Age in Place

When it comes to healthy life longevity, research shows that only about 25% is linked to genetics. The rest is determined by choices people make and the environment they live in. This becomes particularly important as individuals enter retirement years. While the term “retire” means to withdraw and disengage, studies on healthy aging highlight the benefits of remaining engaged, connected and active throughout life. 

Retirement planning involves not only considering how long you will live but also HOW you will live and finding ways to ensure a high quality of life. In other words, it’s not just about optimizing your lifespan (i.e., the number of years alive), but also about maintaining a long health span (i.e., the number of years in good health) and wealth span (i.e., the number of years in good financial standing). Aligning these three areas is unlikely to occur by happenchance but through careful planning. 

In this regard, PLACE, or where you choose to retire, plays a crucial role, as where you choose to retire helps shape your well-being and health. Consider the following factors: 

The physical environment 

One of the key factors to consider when choosing a place to retire is the physical environment in which you will live. Mobility, accessibility, and overall comfort of the place you choose to retire in should be important considerations in determining whether a place feels like home and supports the individual’s well-being. 

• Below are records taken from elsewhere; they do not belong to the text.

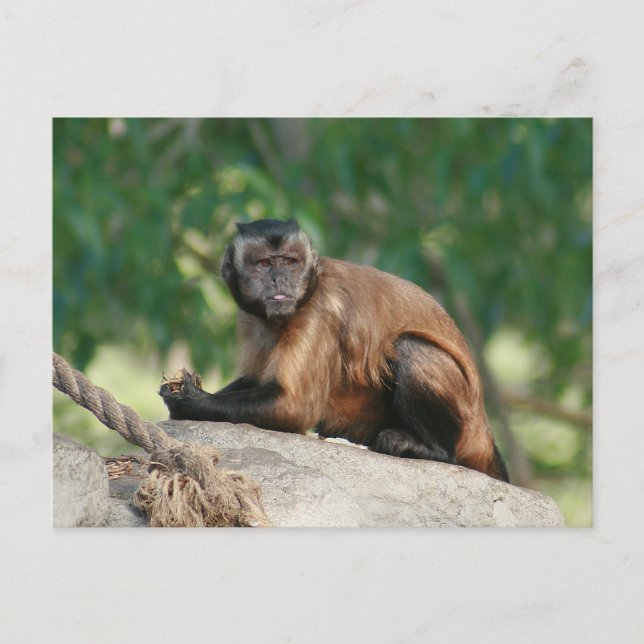 Cartão Postal Macaco Capuchin, Cute Mas Cranky (Frente)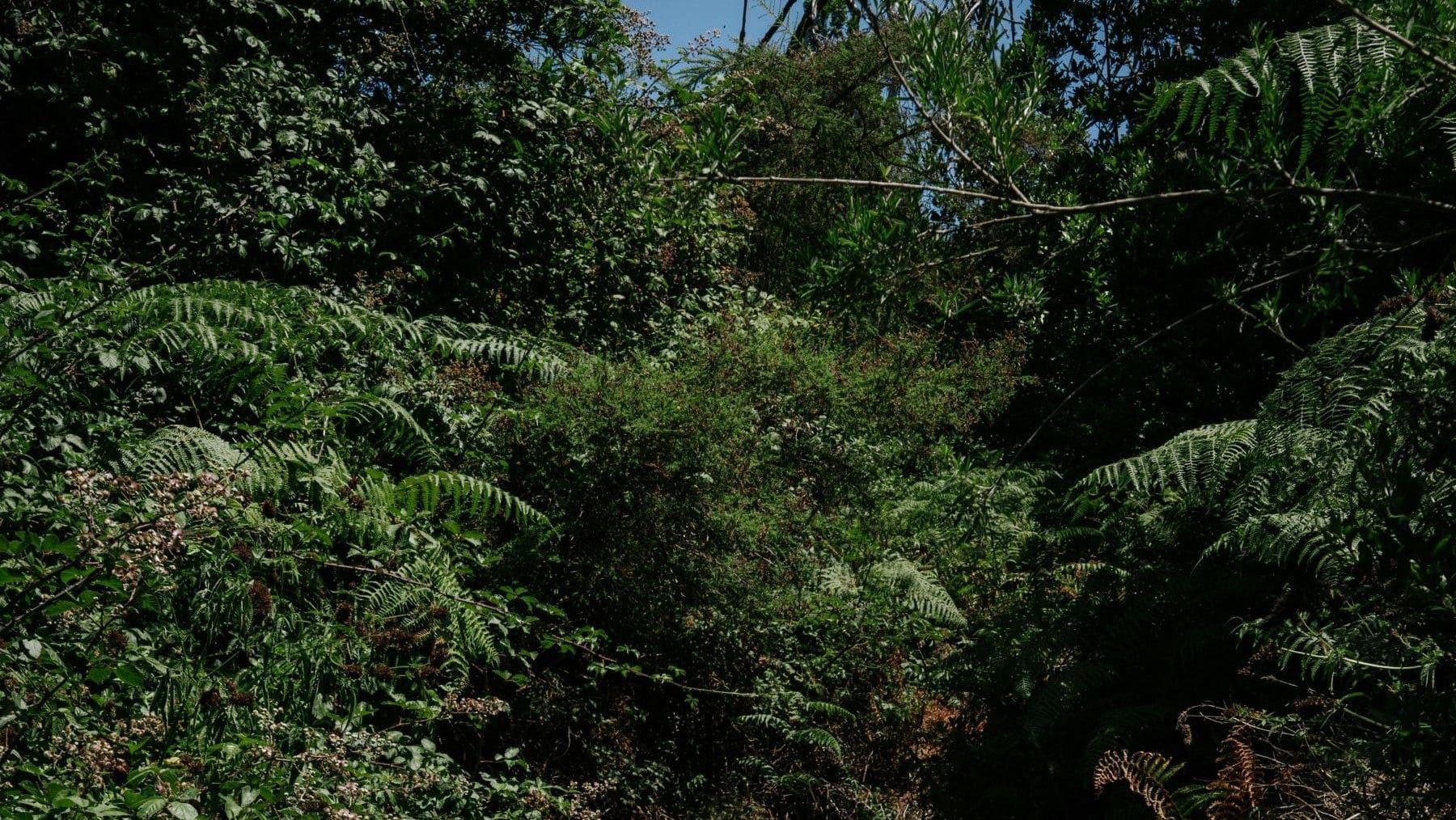 Bizkaia invierte 41 millones en montes y genera más de 6 millones con actividad forestal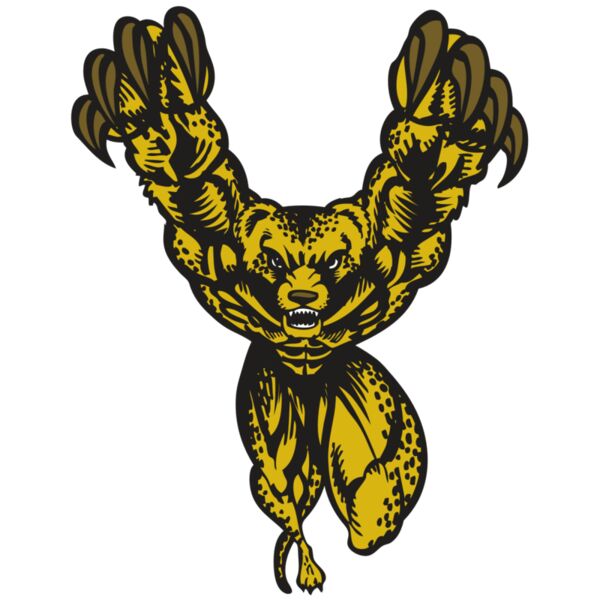 BAW CHEETAH 09 RC Thumbnail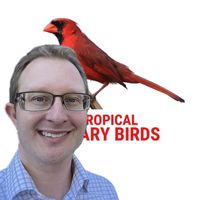 tropical_aviary_birds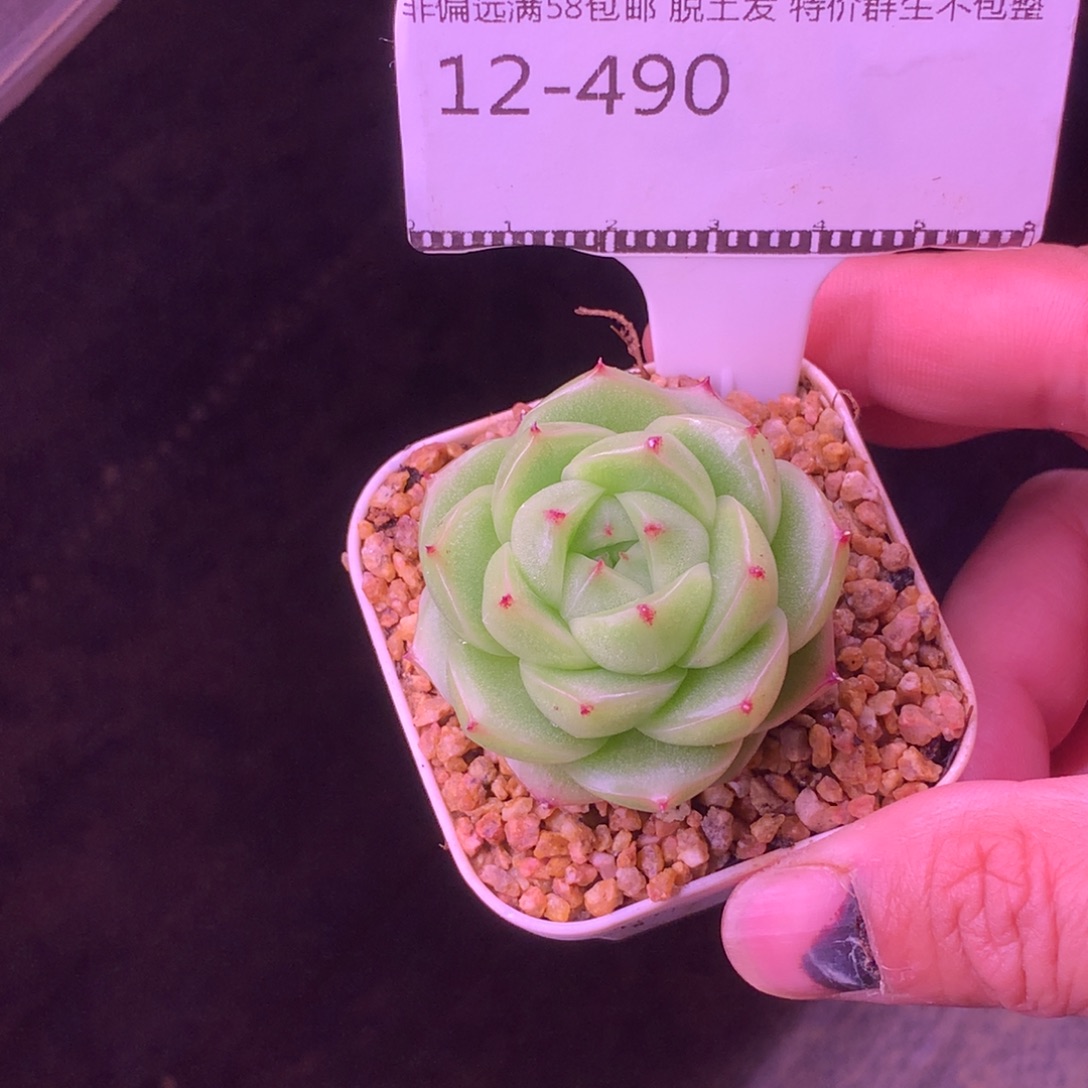 编号青柠麦秆58包邮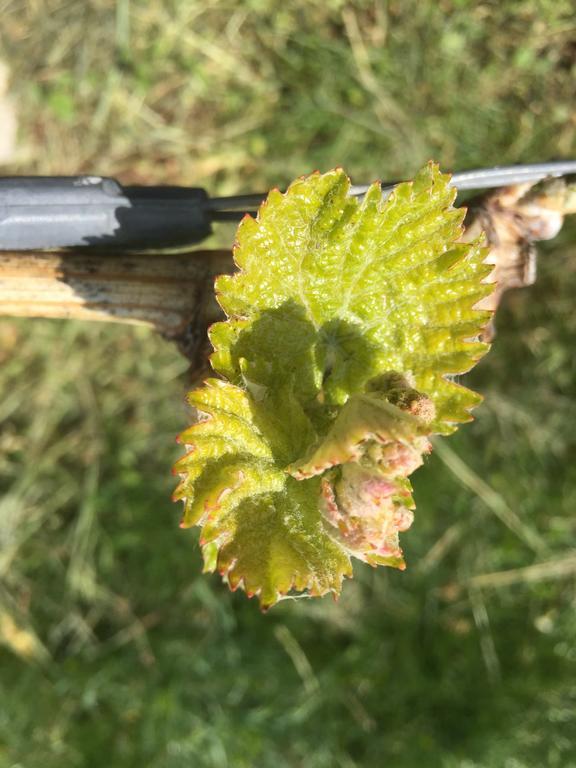 Zweytick Gaestezimmer Weingut Ratsch an der Weinstraße Esterno foto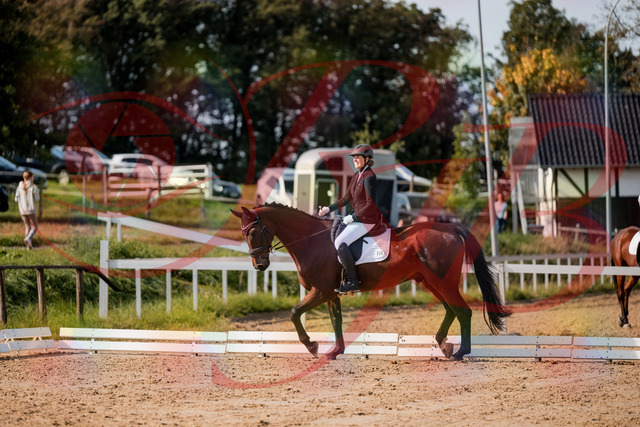 2026_10_03_Siefer-Hof_122705_Z63_47987054 | Professionelle Reitsport-, Turnier- und Eventfotografie von Robert Broda. Galerien mit ausgewählten und bearbeiteten Bildern direkt online ansehen und bestellen.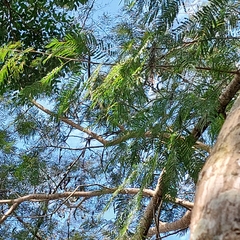 Anadenanthera colubrina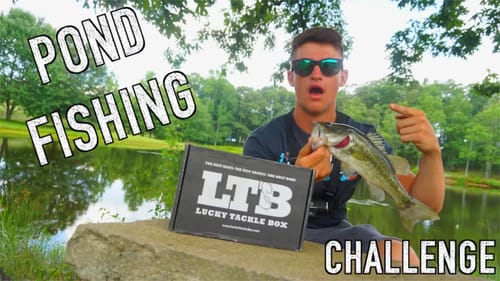 POND FISHING - LTB Challenge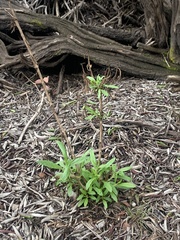 Pseudognaphalium californicum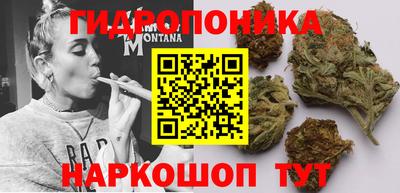 ГАЛЛЮЦИНОГЕННЫЕ ГРИБЫ Янаул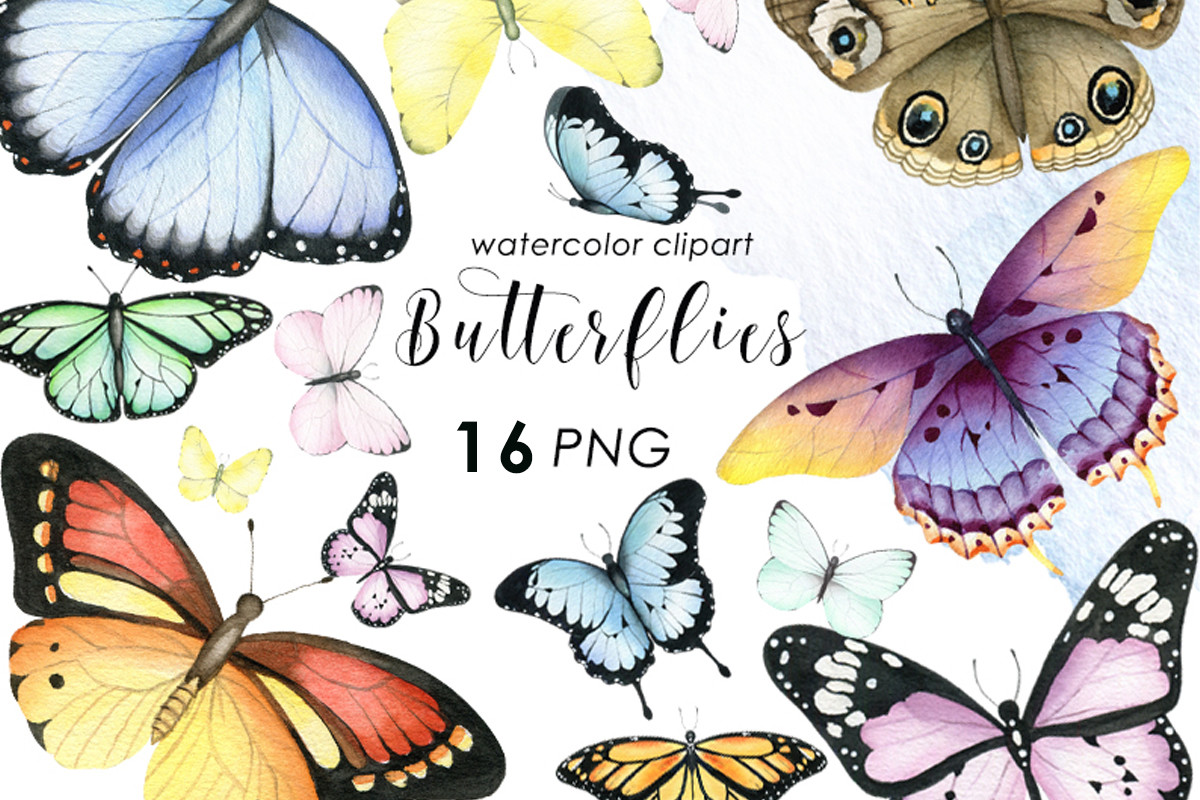 butterfly stickers: Sixteen Hand-Painted Watercolor Butterfly PNGs original product preview
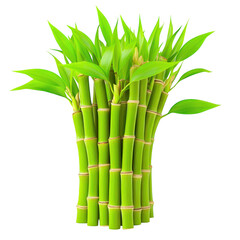 Fototapeta premium Arrangement of vibrant green bamboo stalks and leaves on transparent background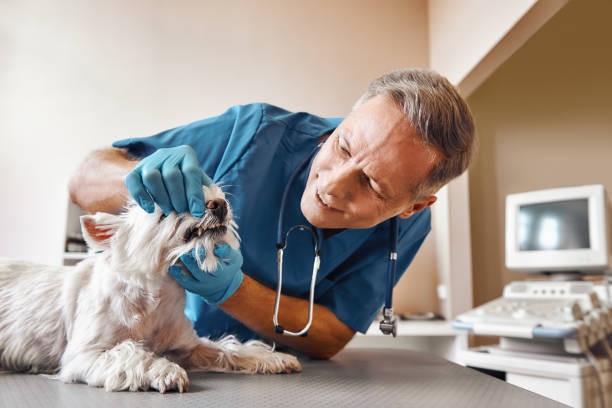 Best Weekend Emergency Dentist in Germantown Hls, IL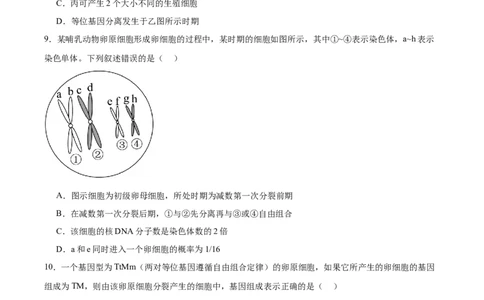 考点通关卷13减数分裂和受精作用（原卷版）_新高考复习资料_2025年新高考资料_2025年高考生物一轮复习考点通关卷（新高考通用）
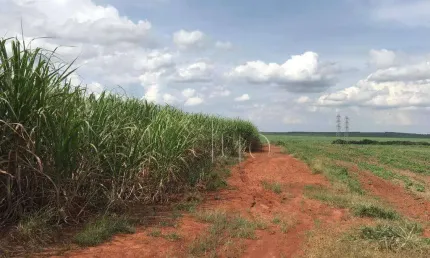 Área à venda, 35842 m² por r$ 1.000.000,00 - capim fino - piracicaba/sp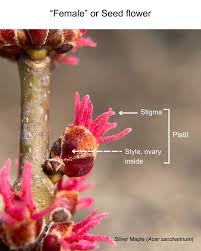 Attēlu rezultāti vaicājumam “Acer saccharinum flower”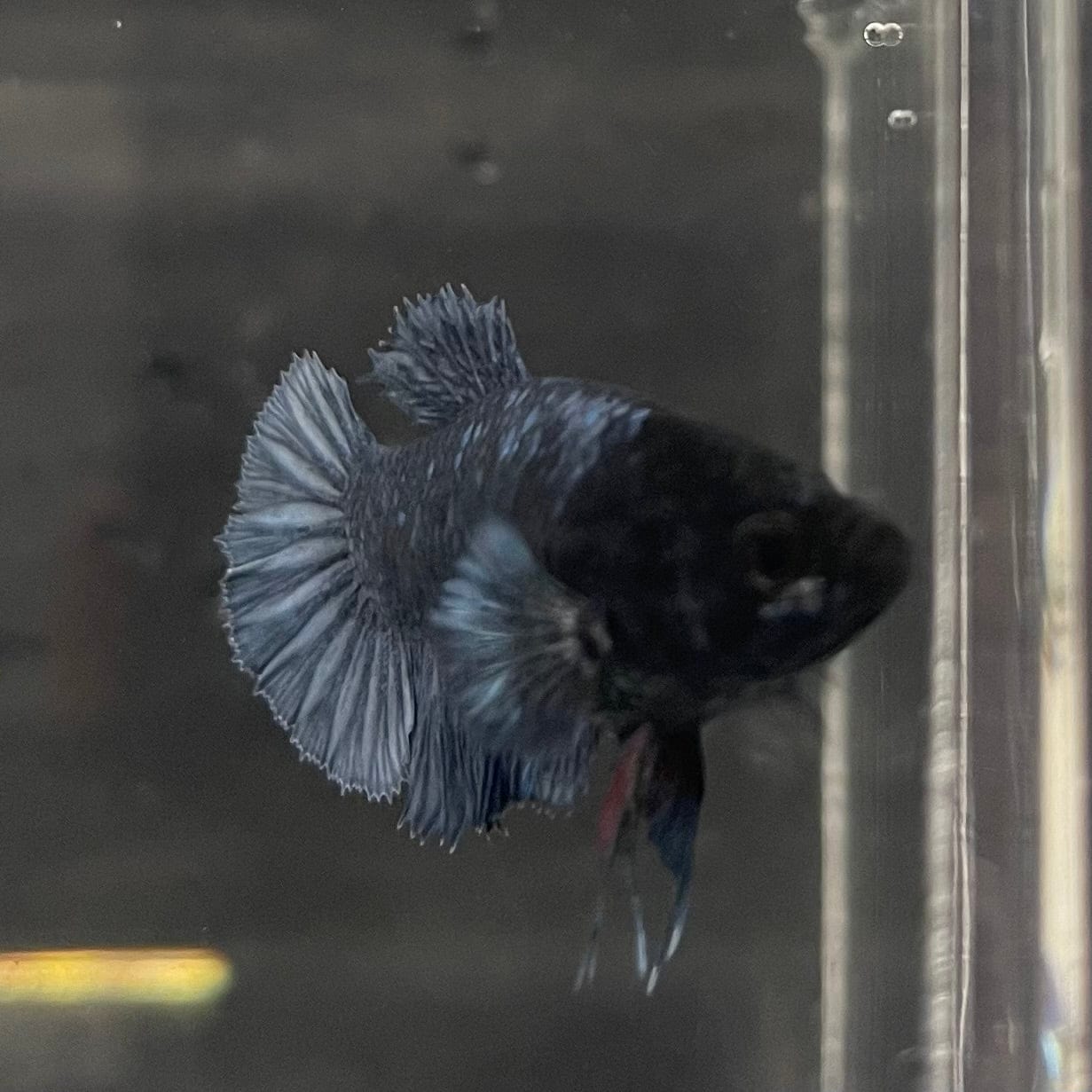 the-fish-farm Female Betta Female Betta - One Only - W Choose your own Female Betta at The Fish Farm Australia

However, it’s not just about the four walls of the home; it’s about the physical environment surrounding the person. This includes the neighborhood, metropolitan area and even the region or country the person chooses to retire in. Each of these aspects contributes to the overall living experience and can significantly impact a person’s physical well-being. For example, access to local parks, coffee shops, or social meeting places can influence the person’s social connections and level of physical activity. While living in areas that are prone to inclement weather can also affect the person’s ability to stay active and lead a healthy lifestyle. Even sleep quality can be influenced by a person’s place of residence. 

The social environment 

The United States Surgeon General, Dr. Vivek Murthy, recently issued an advisory “calling attention to the public health crisis of loneliness, isolation, and lack of connection” in the U.S. This advisory demonstrates that social connections should also be a key consideration when planning where to retire. A person’s place of residence shapes their social networks and connections. For many people in the second half of life, the right place means being close to family, including grandchildren. Living in a neighborhood where people know and socialize with each other can make creating and maintaining social connections easier. 

The psychological environment 

Finding your place is not only about the physical location but also about pursuing your passions and developing a sense of purpose. Cultivating purpose can be a challenge for people transitioning from full-time work. Examples of finding purpose could include continuing to work in a more limited capacity, being active in a faith community, or engaging in volunteer work. Where you live can help these opportunities as well as create opportunities to connect with others who share a similar sense of purpose.

Financial well-being 

Financial well-being is another crucial aspect impacted by a person’s place of residence during their retirement years. We currently live in an age of longevity, where a significant percentage of the population will reach the age of 100 or beyond. Given anticipated scientific and technological advances, life expectancy is expected to continue to rise, especially for those with a college education and financial resources. Financial advisors often recommend planning for a lifespan of 100 years. In this context, finding your place becomes foundational for healthy longevity. 

For many people, housing is a leading expense, but it can also be a significant financial asset. As one looks to optimize financial well-being over an increasingly long life, it is important to manage costs, investment potential and financial flexibility associated with housing. For example, it may make sense to sell one’s home in retirement to free up equity to invest in more attractive vehicles and rent your residence. It could also make sense to invest in energy-efficient appliances or solar panels to lower your operating costs in the future. It could make sense to relocate to a part of the country with a lower cost of living. 

Key Factors to Consider When Choosing Where to Retire 

Although many individuals express a desire to “age in place,” it is essential to understand the true meaning of this term. Aging in place goes beyond simply staying in one’s current residence. It encompasses the physical environment, community, social connections, financial considerations, and the emotional and psychological aspects of your residence. By thoughtfully evaluating these factors, individuals can make informed decisions that align with their desired lifestyle and contribute to a long, healthy, and socially connected life. 

Are You in the Right Place? 

A good way to start the search for your right place is to determine the fit of your current home. You can find out – and get some recommendations to improve your place – by taking the free Right Place Assessment on the Here website (

Place has a significant but often overlooked role in healthy longevity. If you are looking to invest in your health and well-being in retirement, start with planting yourself in your right place and good things will follow.